Glorifizieren wir damit Heroin? Unsere Absicht war eine andere: Wir wollten den Zuschauer mit diesem Moment in das Denken von Jesse einführen, erklären, was in ihm vorgeht, warum er Drogen nimmt.
Wird es ein Spin-off von „Breaking Bad“ geben – mit dem schmierigen, hochgradig kriminellen Rechtsanwalt Saul Goodman im Zentrum?
Ich hoffe es sehr. Diese Rolle zu schreiben, ist ein ganz großes Vergnügen, ihm Worte in den Mund zu legen, vorzuführen, dass er als einer der wenigen Charaktere in der Serie sich in seiner Haut wohlfühlt.

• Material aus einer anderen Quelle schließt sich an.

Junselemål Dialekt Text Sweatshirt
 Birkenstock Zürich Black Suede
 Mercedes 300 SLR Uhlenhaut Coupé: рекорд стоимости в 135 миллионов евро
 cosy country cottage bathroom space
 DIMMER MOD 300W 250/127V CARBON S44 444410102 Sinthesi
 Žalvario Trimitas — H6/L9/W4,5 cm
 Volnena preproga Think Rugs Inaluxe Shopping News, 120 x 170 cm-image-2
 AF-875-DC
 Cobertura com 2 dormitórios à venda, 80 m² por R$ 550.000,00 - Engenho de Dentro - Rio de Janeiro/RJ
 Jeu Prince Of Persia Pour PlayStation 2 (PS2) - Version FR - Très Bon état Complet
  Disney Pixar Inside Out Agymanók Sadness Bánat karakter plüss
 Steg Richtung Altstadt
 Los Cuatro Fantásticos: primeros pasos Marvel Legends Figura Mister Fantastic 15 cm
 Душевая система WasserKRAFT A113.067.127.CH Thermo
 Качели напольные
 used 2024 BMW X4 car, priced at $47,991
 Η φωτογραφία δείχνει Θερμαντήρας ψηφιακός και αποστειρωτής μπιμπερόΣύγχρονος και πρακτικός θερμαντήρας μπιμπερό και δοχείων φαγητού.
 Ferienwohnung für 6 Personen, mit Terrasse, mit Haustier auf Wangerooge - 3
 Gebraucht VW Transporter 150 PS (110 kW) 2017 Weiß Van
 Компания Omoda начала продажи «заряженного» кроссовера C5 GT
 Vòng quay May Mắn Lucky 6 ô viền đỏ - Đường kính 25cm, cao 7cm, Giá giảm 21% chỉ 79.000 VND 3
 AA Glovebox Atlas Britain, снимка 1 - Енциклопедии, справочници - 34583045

Können Sie uns die Saul-Goodman-Story versprechen?
Ich kann Ihnen versprechen, dass wir unser Bestes versuchen werden. Auf jeden Fall stecken in der Figur jede Menge Geschichten. Ich habe ein gutes Gefühl.
Das Interview führten Joachim Huber und Sebastian Leber.
Die fünfte und finale Staffel von "Breaking Bad" läuft in den Programmen von AXN und AXN HD (zu beziehen über die Plattform des Pay-TV-Senders Sky). Seit 23. August zeigt RTL Nitro die Serie von der ersten Folge an.